**Exercise goal:** Your answer should repeat the entries in full, exactly as given, with no pictures.

+ + + + + + +

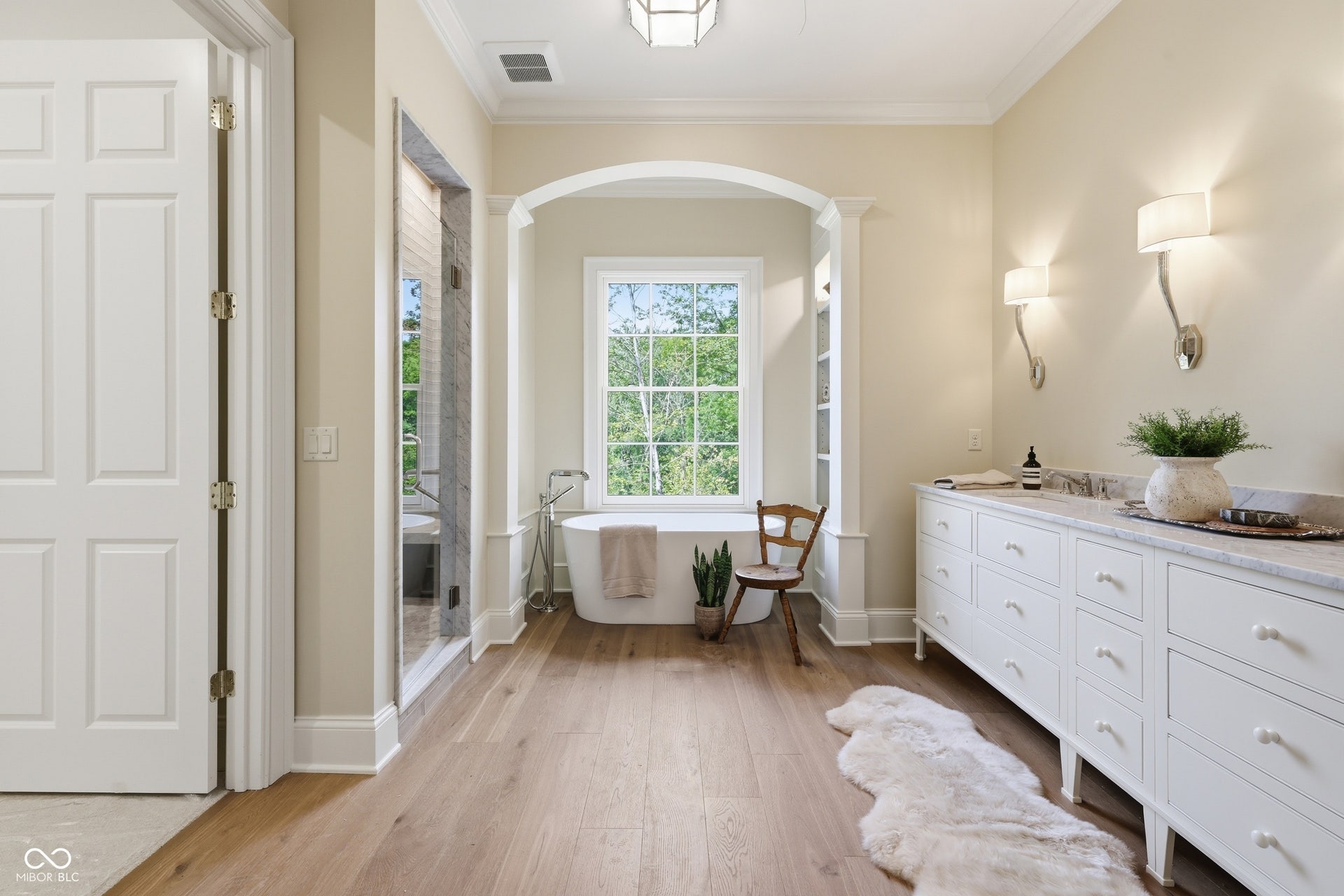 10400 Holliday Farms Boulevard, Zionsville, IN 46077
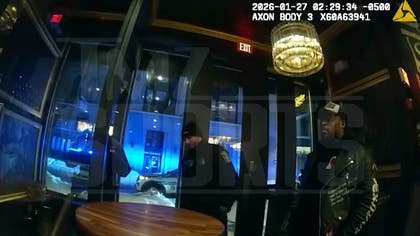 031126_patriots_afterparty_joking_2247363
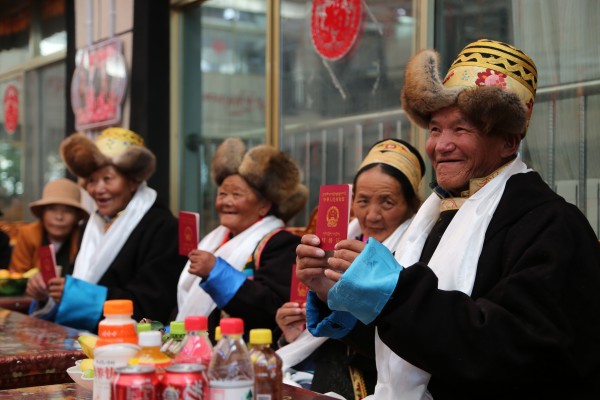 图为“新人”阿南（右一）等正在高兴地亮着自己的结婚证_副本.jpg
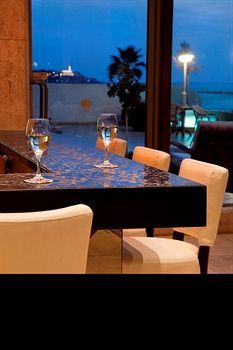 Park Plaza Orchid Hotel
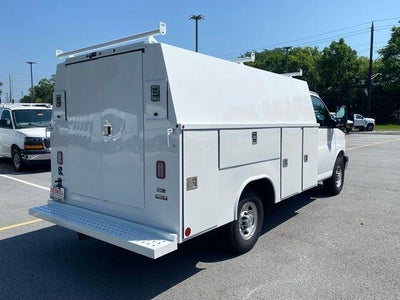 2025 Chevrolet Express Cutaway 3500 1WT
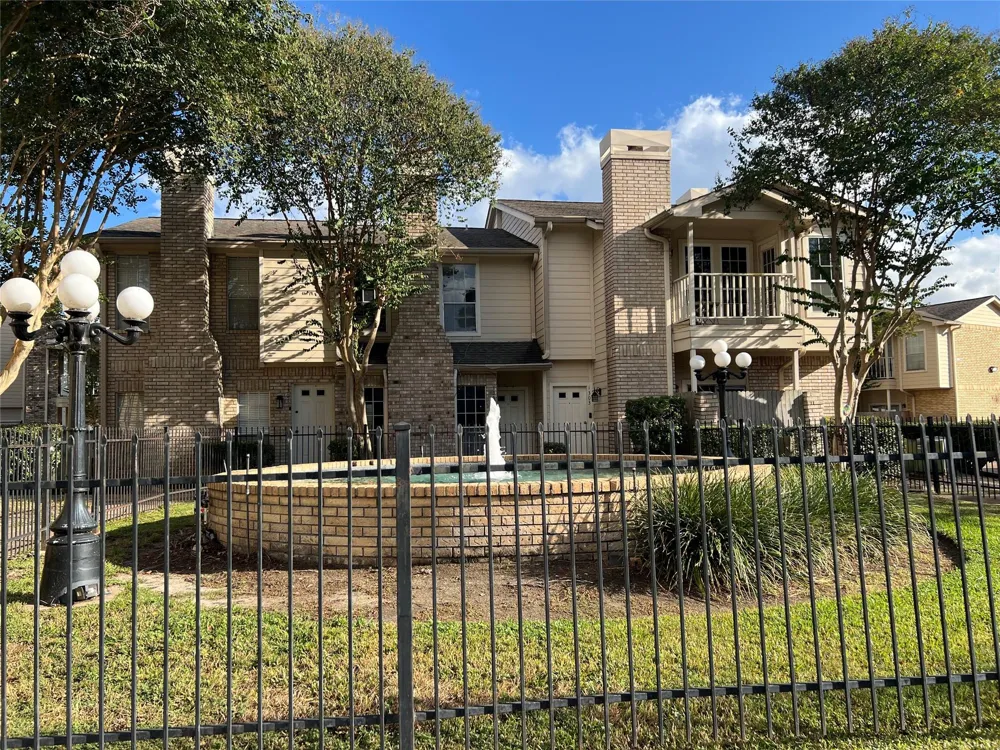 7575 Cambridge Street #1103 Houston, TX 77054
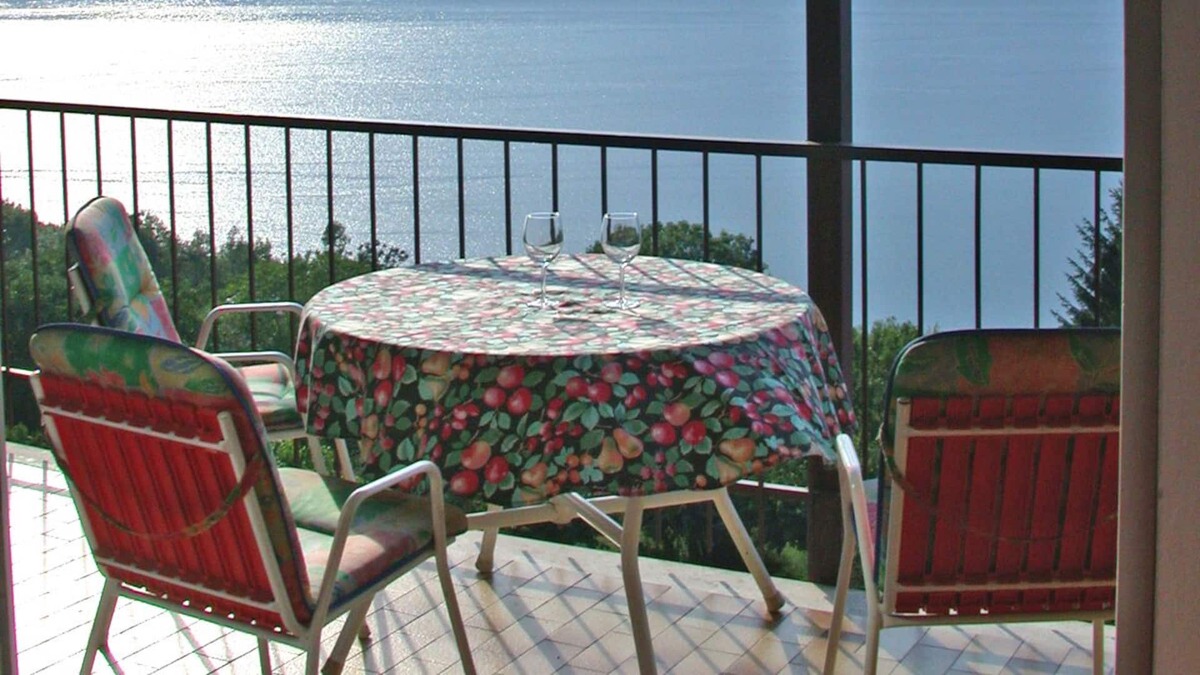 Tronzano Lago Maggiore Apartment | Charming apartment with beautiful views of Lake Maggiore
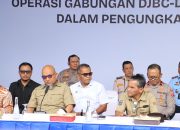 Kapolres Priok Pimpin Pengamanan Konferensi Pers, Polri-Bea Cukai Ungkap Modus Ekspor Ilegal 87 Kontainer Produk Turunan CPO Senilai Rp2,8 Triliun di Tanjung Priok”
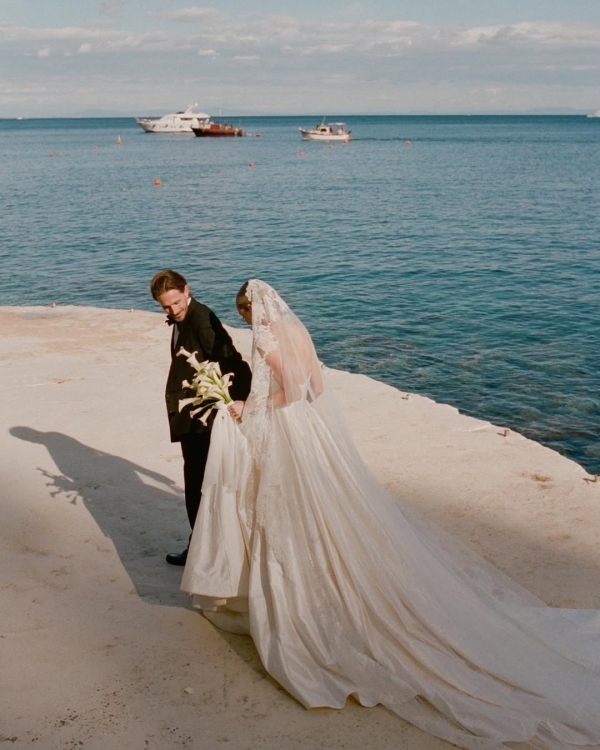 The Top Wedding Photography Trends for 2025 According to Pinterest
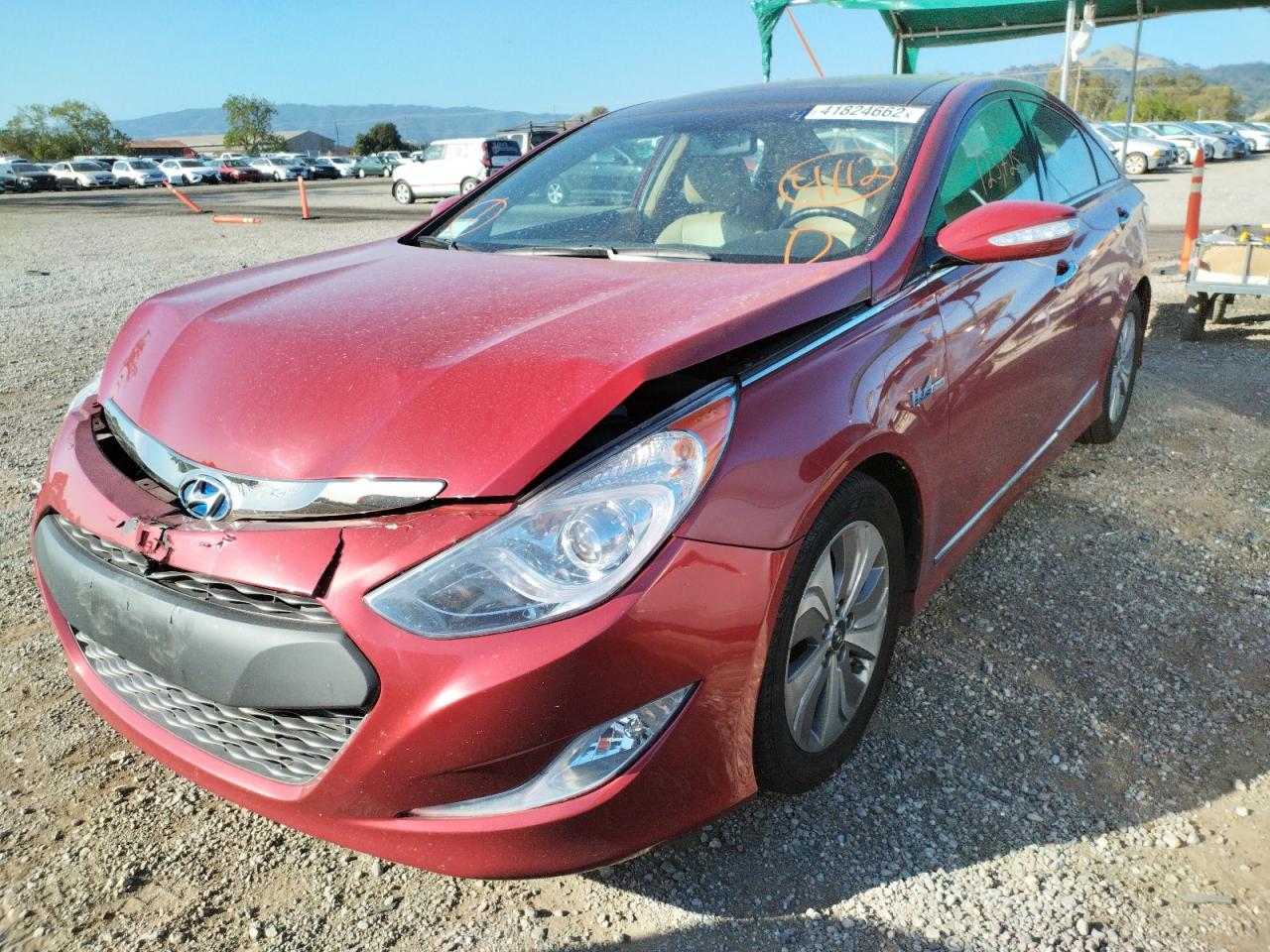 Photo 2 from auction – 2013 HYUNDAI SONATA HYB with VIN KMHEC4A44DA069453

+ + + + + + +

**Exercise result:**
 10400 Holliday Farms Boulevard, Zionsville, IN 46077
 031126_patriots_afterparty_joking_2247363
 图为“新人”阿南（右一）等正在高兴地亮着自己的结婚证_副本.jpg
 Park Plaza Orchid Hotel
 2025 Chevrolet Express Cutaway 3500 1WT
 7575 Cambridge Street #1103 Houston, TX 77054
 Tronzano Lago Maggiore Apartment | Charming apartment with beautiful views of Lake Maggiore
 Kapolres Priok Pimpin Pengamanan Konferensi Pers, Polri-Bea Cukai Ungkap Modus Ekspor Ilegal 87 Kontainer Produk Turunan CPO Senilai Rp2,8 Triliun di Tanjung Priok”
 The Top Wedding Photography Trends for 2025 According to Pinterest
 Photo 2 from auction – 2013 HYUNDAI SONATA HYB with VIN KMHEC4A44DA069453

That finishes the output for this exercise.